Microsoft Analysis Services 2005 is designed to improve business intelligence performance in SQL Server. Among its new features are the Unified Dimensional Model, Data Source View, new aggregation functions and querying tools. Baya Pavliashvili brings you up to speed on MSAS while sharing some migration tips.

  In this series of tips about Microsoft Analysis Services (MSAS) 2005, I'll be discussing some of the new features...

available and how they affect migration from the existing applications developed with MSAS 2000. The new Analysis Services tool is considerably different from previous versions, so each tip will only cover a small subset of the new features.

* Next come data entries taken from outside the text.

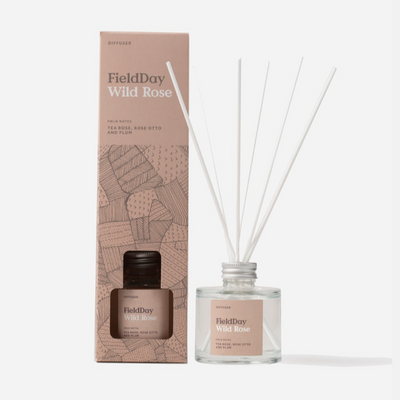 wild rose diffuser by field day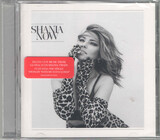 TWAIN, SHANIA: Now (Компакт-диск)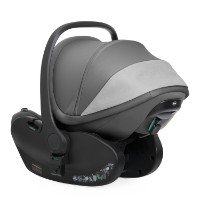 Детское автокресло Chicco First Seat Recline Lunar Rock 40-87cm (87100400000) фото №4 — интернет-магазин Desire.md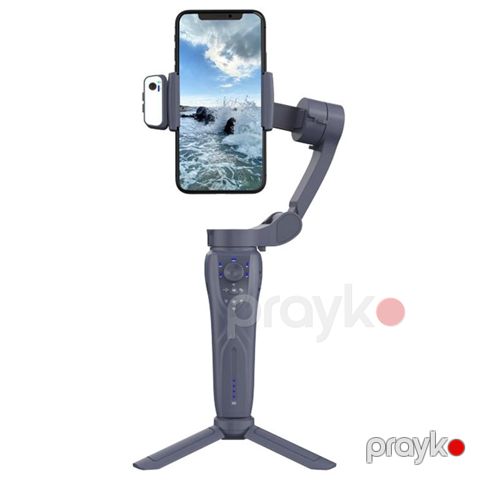 F12 Gimbal — Bakı
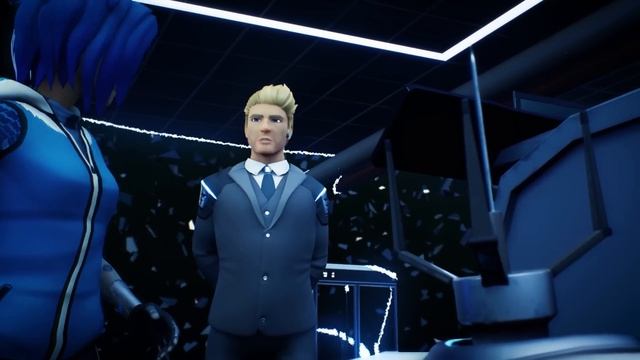 META RUNNER - The End // Final Season: Ep 8 (GRAND FINALE) смотреть онлайн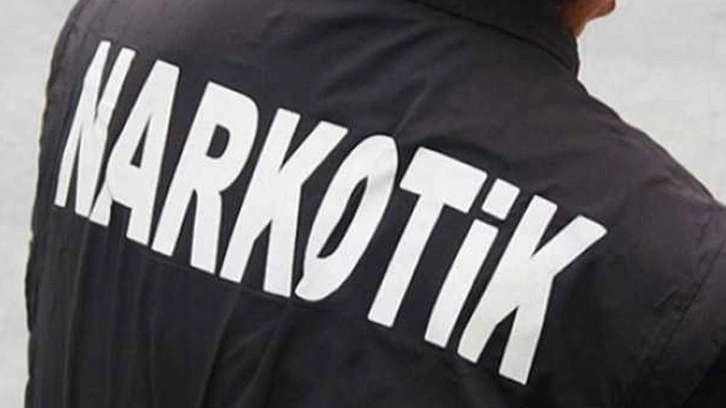 Ankara'daki narkotik operasyonlarında bir haftada 248 kişi yakalandı!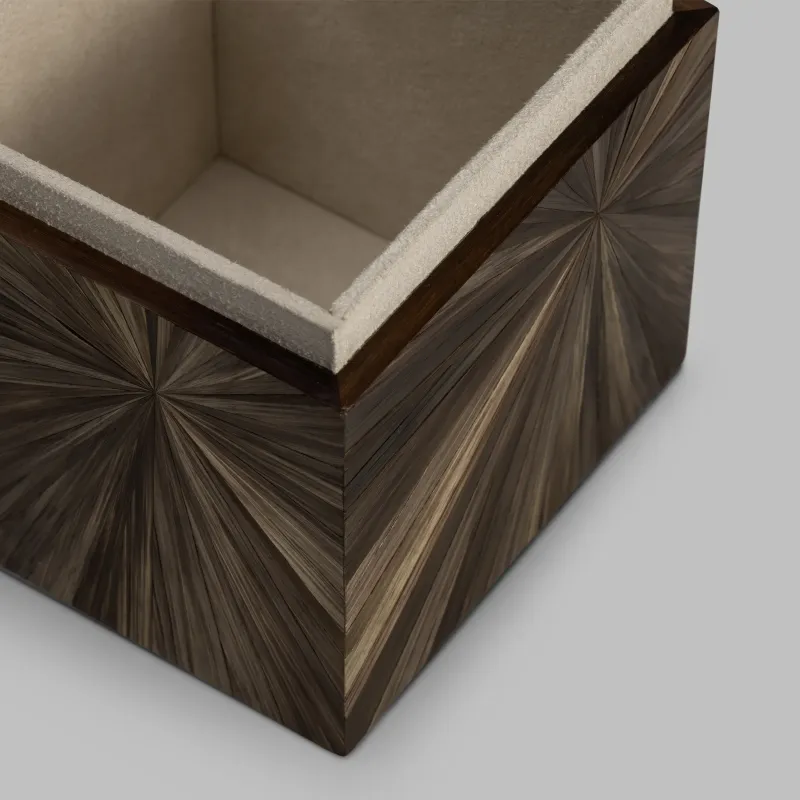 Jewelry box GRISSO 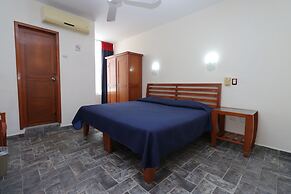 Hotel Soberanis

ANALYSIS SERVICES 2005 FEATURES

   Unified Dimensional Model (UDM)
   Data source views
   New aggregation functions
   Failover clustering and multiple instances
   Querying and browsing tools
   Migration tips

 
Unified Dimensional Model (UDM)

MSAS 2005 introduces Unified Dimensional Model (UDM) – a concept that attempts to use MSAS for reporting as well as analytics. Traditional analytics lack flexibility but they provide faster response time than traditional reports. Traditional reports are flexible, but usually take a long time to generate. Let me elaborate on this idea and show you how it applies to different versions of Analysis Services.

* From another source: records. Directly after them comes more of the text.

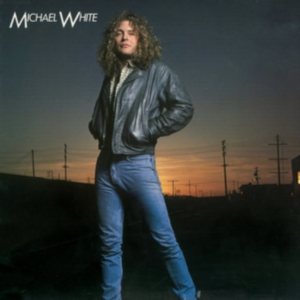 White Michael - Michael White i gruppen CD / Pop-Rock hos Bengans Skivbutik AB (2487361)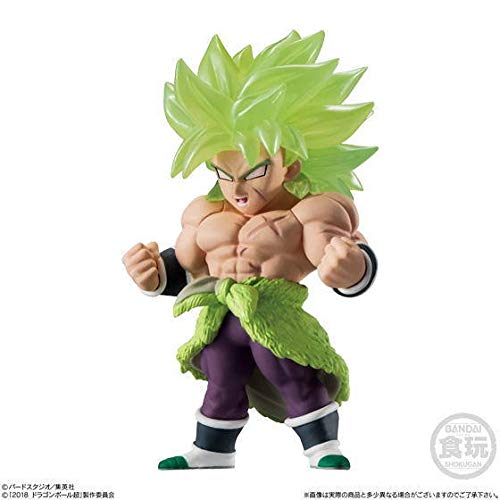 dragon ball adverge 1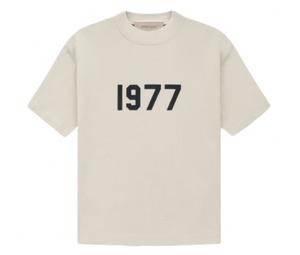 Fear of God Essentials Women's 1977 T-shirt Wheat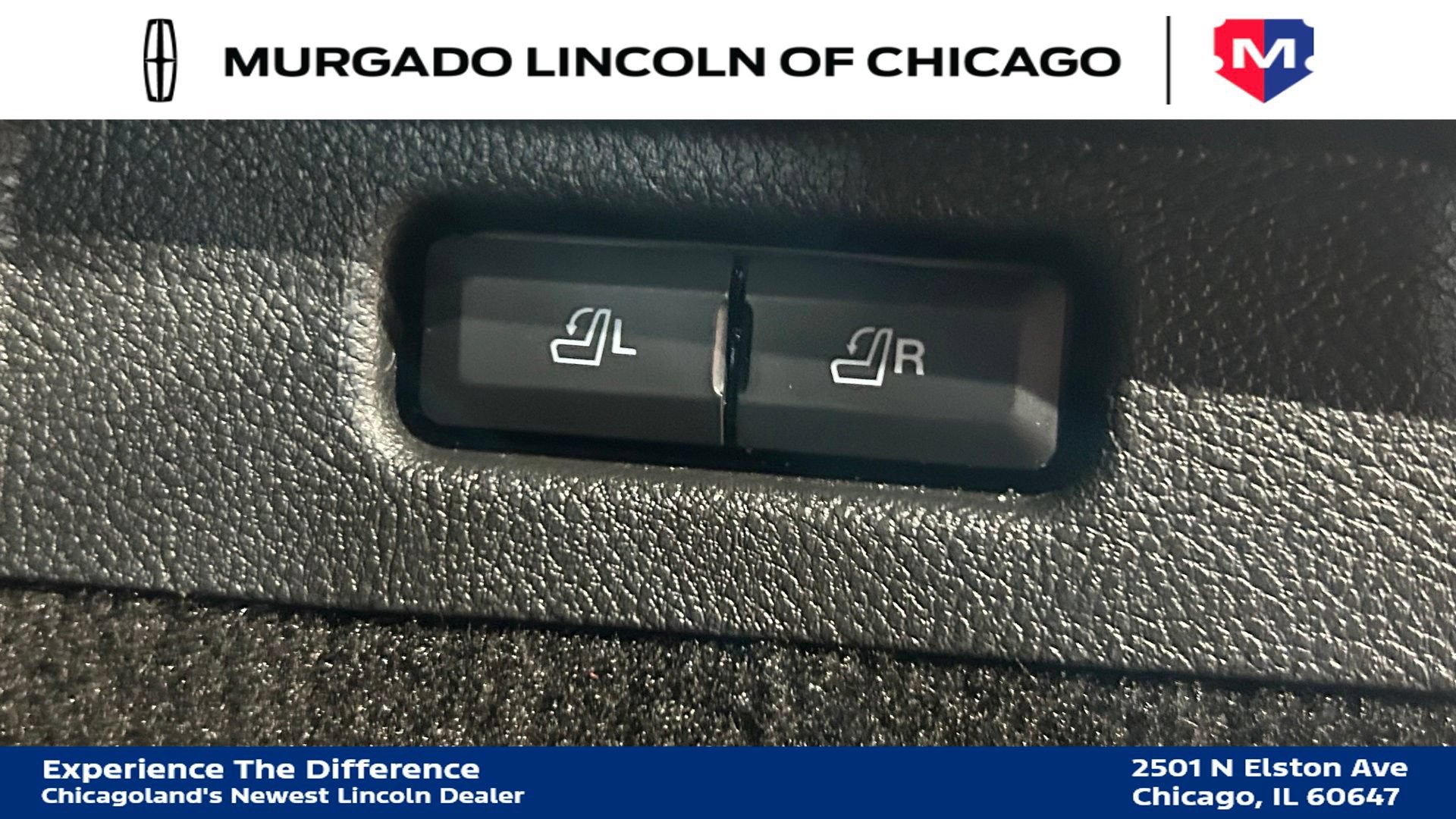 Used 2024 Lincoln Corsair AWD w/ Equipment Group 101A image 34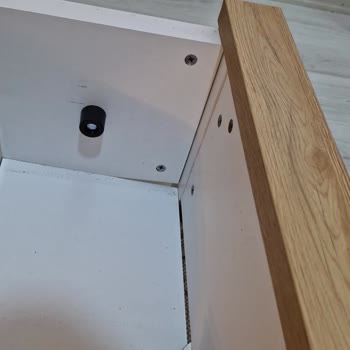 Vivense'den Aldığım Yatak Odası Takımı Hayal Kırıklığı Yaşattı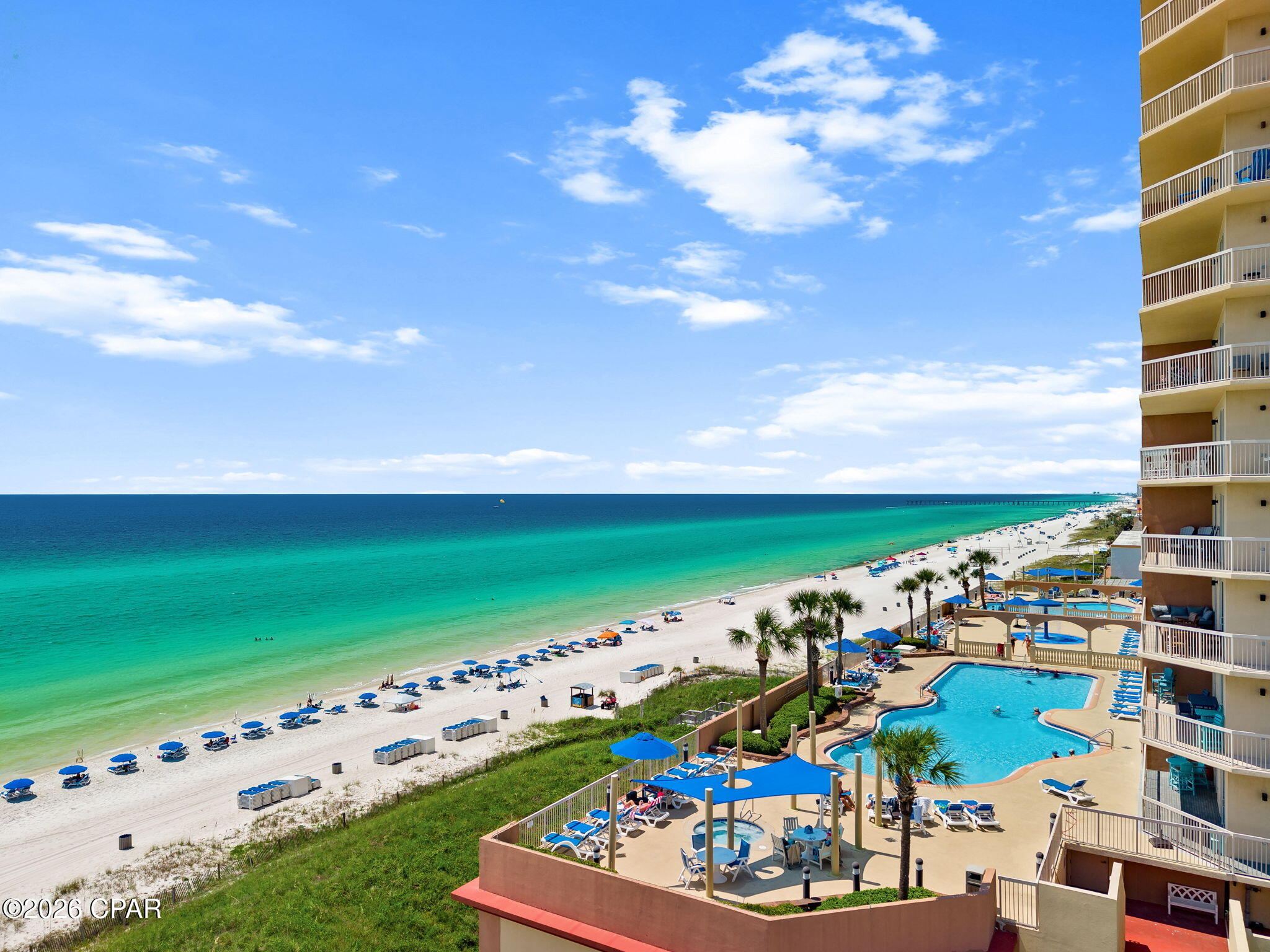14825 Front Beach Road 1101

Note: Many people who are relatively new to Analysis Services think that UDM is an actual feature found in MSAS 2005. Don't waste your time looking through SQL Server Management Studio (SSMS) or Business Intelligence Development Studio (BIDS) because you won't find it. UDM is simply a concept -- it is an attempt to marry reporting and analytics.

Dimensions built with OLAP Services 7.0 or Analysis Services 2000 aggregate data in hierarchical fashion. For example, typical date and time dimensions would show you a breakdown of sales by year, quarter, month, day and perhaps hour. Similarly, a customer's geographical dimension levels would include country, state, county, city, postal code and individual customer name. That type of hierarchical analysis performs very well, but what happens if you want to include some items on the report that don't easily roll up to other levels? For example, customer phone number or email address attributes can't be easily rolled up into this hierarchy and can't be easily reported through such a hierarchical structure.

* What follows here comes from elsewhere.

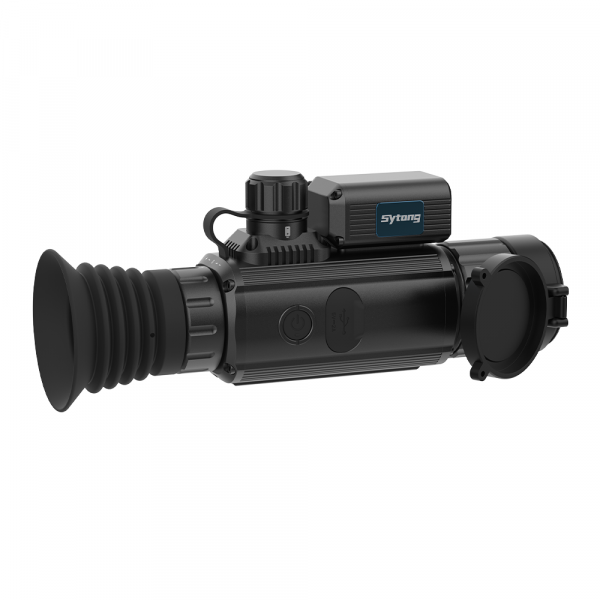Тепловизионный прицел Sytong AM06-35 LRF Тепловизионный прицел Sytong AM06-35 LRF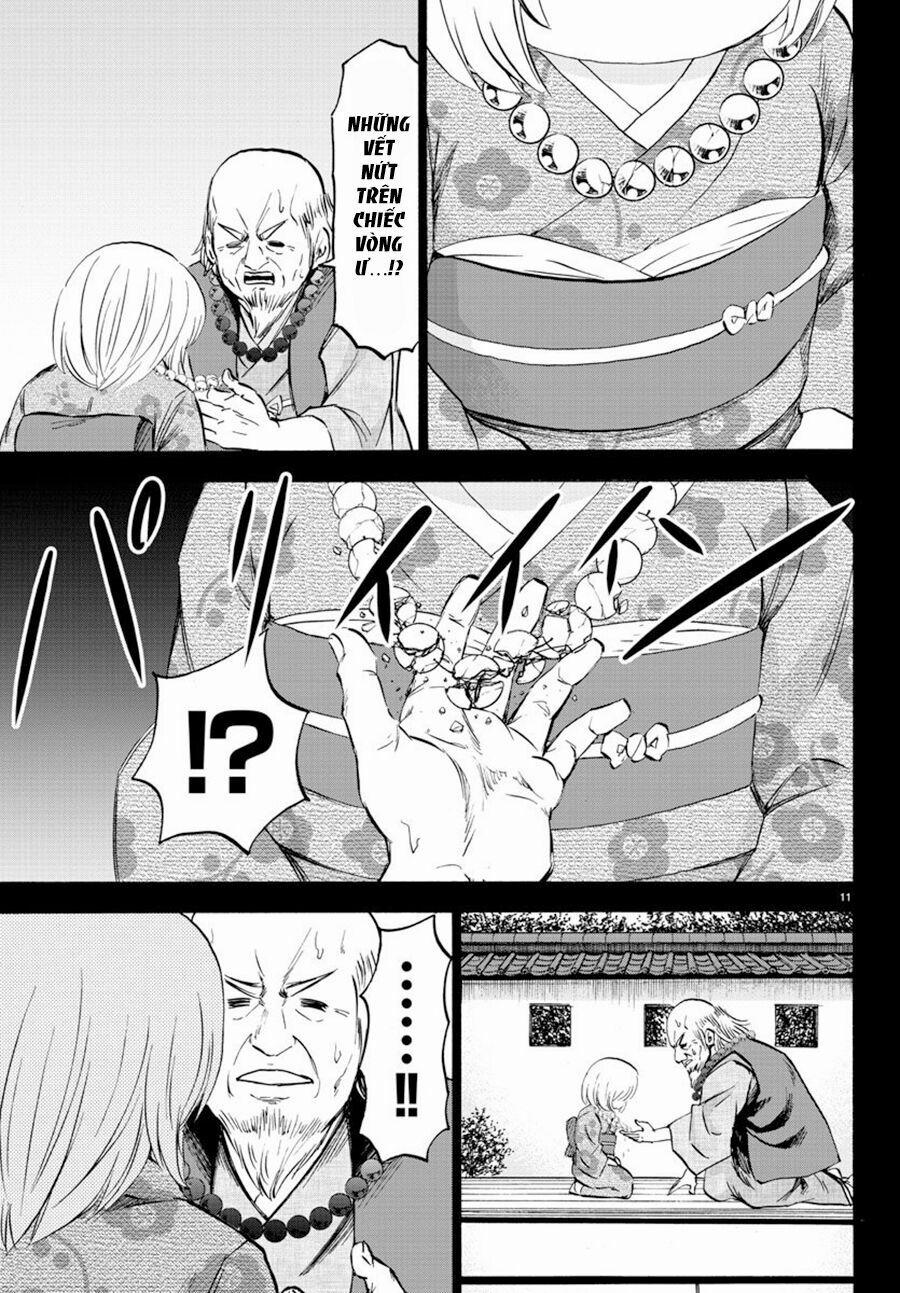 Rokudou No Onna-Tachi 101 trang 12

With MSAS 2000, you can expose such attributes as member properties. Using member properties isn't necessarily difficult, but it makes reporting somewhat convoluted.

More on this topic:

 Furthermore, including numerous member properties on analytical views can impose a significant performance penalty. Reports built upon a relational data warehouse, on the other hand, are very flexible. You can include any column in any dimension table on your report; however, relational reports are considerably slower than analytical views you build on pre-aggregated data with Analysis Services 2000.

Fortunately, with MSAS 2005, you can include any column within your dimension table as an attribute of your dimension. Then, you can build multiple hierarchies within a single dimension to expose each attribute. Furthermore, you can build hierarchies even on such attributes as email or phone number. Technically, you could build multiple hierarchies within a single dimension in MSAS 2000 as well, but this feature wasn't used much.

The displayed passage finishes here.